Pitzer College is hosting a new art exhibit entitled “Nepal’s Civil War: A Photographic Retrospective,” which features a series of photographs depicting select aspects of Nepali life after the civil war, in the Founders Room of the McConnell Center.
The exhibit is an initiative of Pitzer’s Global Local Program, a group that engages the local high school community to exchange and engage with different perspectives. The Global Local Program is headed by professor Nigel Boyle, associate dean for Global Local Programs, director of the Institute for Global/Local Action & Studies (IGLAS), and IGLAS chair in political studies at Pitzer. According to Boyle, last year a group of faculty from both Pitzer and local high schools went on a five-week trip to Nepal. While in Kathmandu, they visited a peace museum established by Nepali liberal intellectual Kunda Dixit. Inspired by Dixit’s work, the group wanted to recreate the exhibit.
Boyle selected the images specifically so that local high schools could utilize them in their social studies curricula. Boyle and other faculty members on the trip were motivated to recreate the exhibit in part due to the absence of the Nepali conflict in mainstream media. The conflict was nevertheless extensive and provoked stark political consequences for Nepal.
Though based on a liberal Kathmandu perspective, the exhibit appears to abstain from political alignment. Instead, it demonstrates the day-to-day impact of the aftermath of the war on the Nepali people. The photos primarily emphasize the generally stagnant quality of life that remains, regardless of the war’s end.
The collection provides unique insight and a human element on an event that is fairly isolated from the American scope of interstate politics.
“The selected photographs give a sense of time and the progress or lack thereof that you wouldn’t normally hear about or be able to see in a photo exhibit,” Molly Hickey PZ ’17 said.
According to Insight on Conflict, a project by the UK-based non-governmental organization Peace Direct that promotes global peace-building efforts, the Nepali civil war began in 1996 with a series of belligerent protests by the Maoist Communist Party of Nepal for democratic elections. The conflict was contained by police forces until the insurrectionists attacked the Royal Army’s barracks in 2002. The attack was provoked by King Gyanendra’s continued refusal to hold democratic elections. This sparked a full-bodied civil war that would rage for another four years.
According to the exhibit information, the war resulted in 15,000 deaths and hundreds of thousands of displaced people. The war ended in November 2006 with the Comprehensive Peace Accord, which appeased the Maoists and extricated the monarchy, but failed to reorient the state with a new constitution.

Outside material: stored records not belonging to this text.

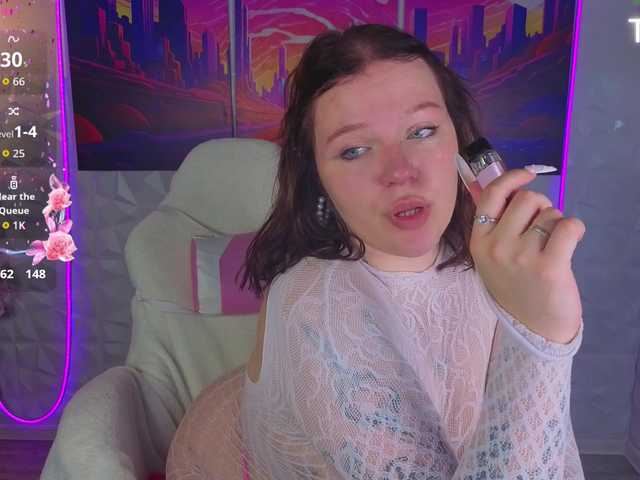 Sqwrtgg live webcam show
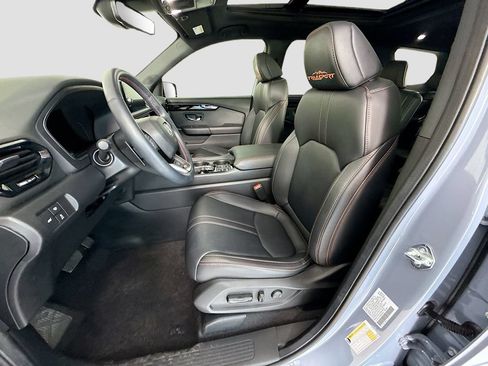 Certified 2025 Honda Pilot TrailSport image 19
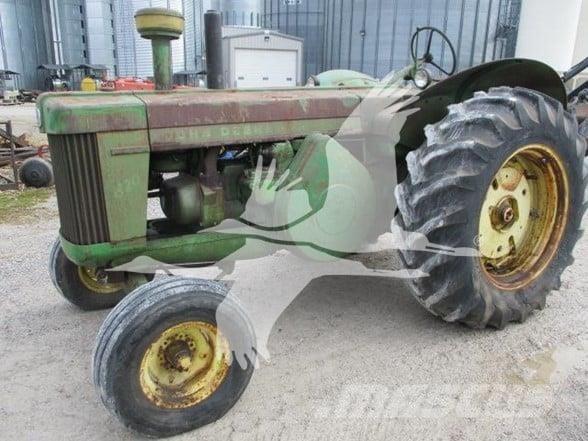 John Deere 820 트랙터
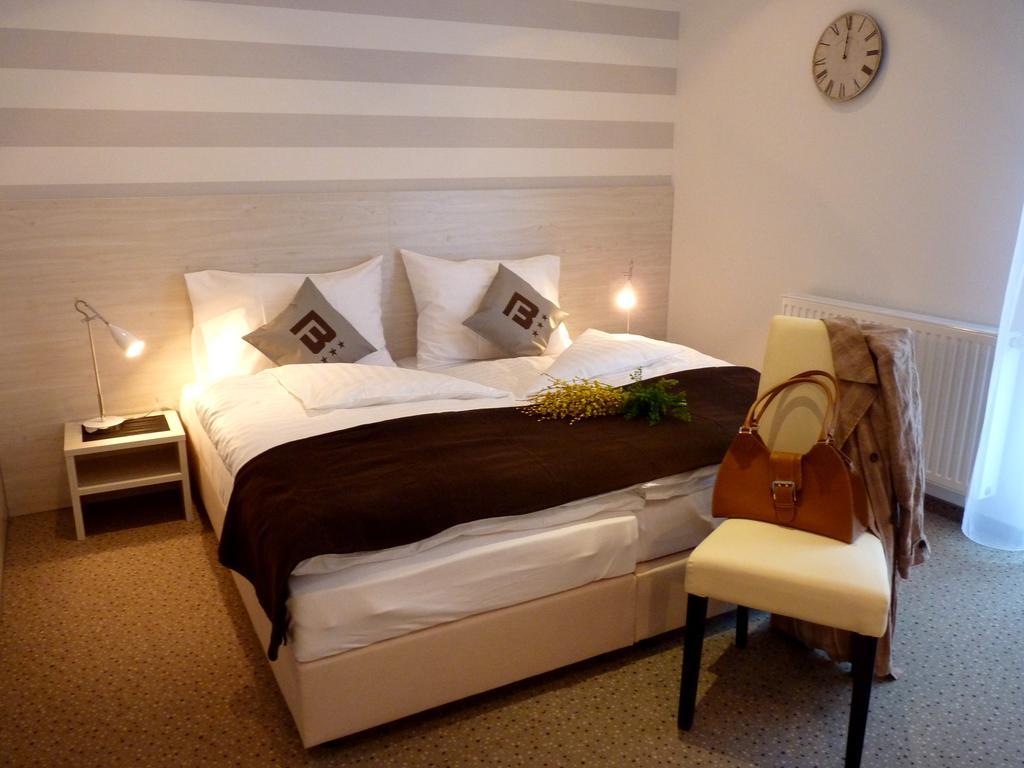 Hotel Blie, Bed & Breakfast, Self Check-In 혼 외부 사진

Boyle explained the strained optimism regarding the new Nepali government.
“I wouldn’t call it peace, but the war has ended and it isn’t coming back, so on the one hand that’s hopeful and at a popular level people are very optimistic for the future, but nothing works,” Boyle said. “There were one set of constituent assembly elections, but that was completely paralyzed. November 19th, next week, there will be new constituent assembly elections, which is designed to craft a new constitution.”
One of the images in the gallery depicts a woman revolutionary in uniform. Accompanying the image is a placard that explains the social progress the Maoists made in regard to gender roles. According to the placard, prior to the revolution women were largely confined to domestic responsibility, but after the monarchy was abolished, women have more freedom to pursue professional work.
For Nepal, the price of peace and freedom from autocratic rule, at least for now, is the surrender of a functioning government.
“Everything’s changed, which is why we chose the image of the street child at the start who was in this euphoric moment celebrating the fall of the monarchy. Then, five years later, everything has changed, but he’s still a street child,” Boyle said.
Shreyasha Paudel HM ’14, an international student from Nepal, provided further insight about the challenges the Nepali government faces with the newly integrated Maoism.
“A lot of people who were elected had been oppressed and didn’t have all the facilities where they were living as farmers and such,” Paudel said. “A lot of those people came into the assembly, but the problem was they didn’t have the background of sociology or economics or law. It’s a big thing being in the assembly but it’s also a responsibility to write a constitution, which didn’t really happen.”
Paudel also said that the Maoists want to establish federalism according to ethnicity. This is problematic, because Nepal is very diverse and no group is strong or large enough to form an influential majority. The Nepali people are no longer burdened by the violence of war, but now deal with a fragmented government that has not yet established a definitive structure.
“Nepal’s Civil War: A Photographic Retrospective” is a distillation of a highly nuanced political and social process that went on under the radar of American media. The exhibit’s close proximity is a unique opportunity to understand the state of a nation from photographic primary sources. It is free and open to the public, weekdays through Dec. 10.